[QUIZ] Shirt Reader (#140)

R

Ruby Quiz

The three rules of Ruby Quiz:

1. Please do not post any solutions or spoiler discussion for this quiz until
48 hours have passed from the time on this message.

2. Support Ruby Quiz by submitting ideas as often as you can:

http://www.rubyquiz.com/

3. Enjoy!

Suggestion: A [QUIZ] in the subject of emails about the problem helps everyone
on Ruby Talk follow the discussion. Please reply to the original quiz message,
if you can.

-=-=-=-=-=-=-=-=-=-=-=-=-=-=-=-=-=-=-=-=-=-=-=-=-=-=-=-=-=-=-=-=-=-=-=-=-=-=-=-=

Sun Microsystems handed out some fun shirts at the LSRC. The graphic on the
front looks something like:

sun image

star image + T + up arrow

E + perfume bottle image + sea shells image

This is a clever advertisement for their "Sun Startup Essentials" program.

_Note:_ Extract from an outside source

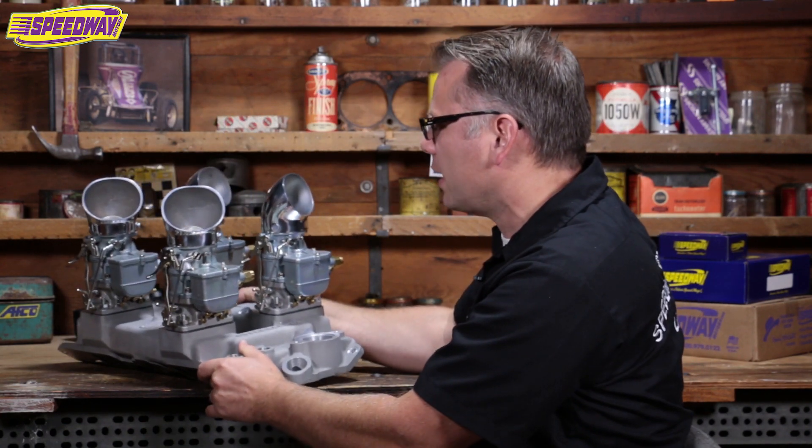If you have questions on this particular intake, give me a shout — I'm happy to help you out. You can subscribe to our YouTube page and see all of our tech videos. You can ask me questions right on the video, or you can go to Facebook and ask questions there, and give our tech group a call. We have a wonderful team of techs here at Speedway that are always happy to help you out. I always love talking about traditional hot rod parts — it's one of my passions. Thanks again for stopping by. Visit our Speedway webpage or give us a shout via phone. Have a great day — we'll see you again next time.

This week's Ruby Quiz is to write a program that can read such shirts. At the
basic level, we will assume the user will feed us the right words:

$ ruby read_shirt.rb e scent shells
essentially

Hopefully your solution will be smarter than mine, which, as you can see, only
gets close. It may be better to give a few possible choices instead of just the
best match.

Of course, the problem comes when you guess the wrong word. My first thought
was of a perfume bottle, as my description shows, but the correct word was
scent. For bonus points, see what you can do about this problem. One idea
might be to allow alternatives for a segment of the word. Another might be to
hit the thesaurus, which does list scent as a synonym for perfume.
 
E

Eugene Kalenkovich

Here is my solution. Obviously it is not as "well educated" as Steve's one
because it does not use pronunciation dictionary, but it behaves pretty well
with what it has :)

I've tried different hashing strategies, one of them to use soundex, but
that one had one less match, though it was able to understand 're late shun
ship' - metaphone believes that relationship is pronounced differently (and
I cannot blame it :)

Soundex has a big disadvantage of requiring correct first letter, that's why
I think the metaphone-based solution is closer to what we want.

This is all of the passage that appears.